It’s unusual nowadays to hear anyone in the arts speak against cultural participation. The directors of museums, galleries, orchestras and theatres – and of sector bodies such as Arts Council England – profess themselves almost universally to be advocates of cultural inclusion and co-creation. Their websites and annual reports shine with happy people being creative. There are critics of participatory art, but they tend not to work in the public cultural sector: they’re journalists, academics and commentators for whom art is just another arena of a political culture war. That acceptance marks a significant change. Twenty years ago, advocates of community art were likely to meet scepticism, if not disdain in the art world. To say it again, even if it is not complete, this normalisation of community art is a historic change.

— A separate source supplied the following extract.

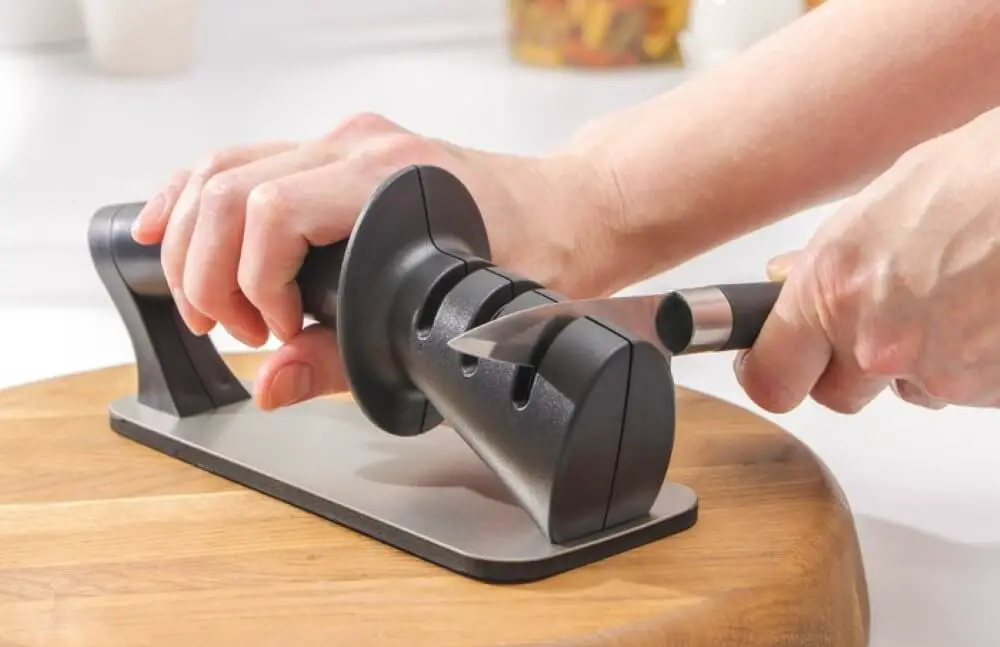 table knife sharpener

At the same time, I wonder how deep it runs. Cultural participation is increasingly ordinary outside the art world, for the socio-economic reasons I mentioned in my last post, but among cultural professionals? Someone said to me recently, ‘You see who people really are when they’re in front of a budget’. Perhaps they are not actually convinced of co-creation’s value, but wary of saying publicly that it holds no interest for them. Is that a truth that bites its tongue? Such self-censorship would be wrong. Surely creative actors who believe in free expression do not mince their words for fear of criticism? It would also be dangerous – history shows that people resent being told their opinions are invalid, and this wouldn’t be the first time that the weaker are made responsible for the choices of the strong.
Community art does not claim universal reach or resonance: it is one form among many. It has never been afraid to explain or argue for itself, and nor should anyone who holds different artistic values.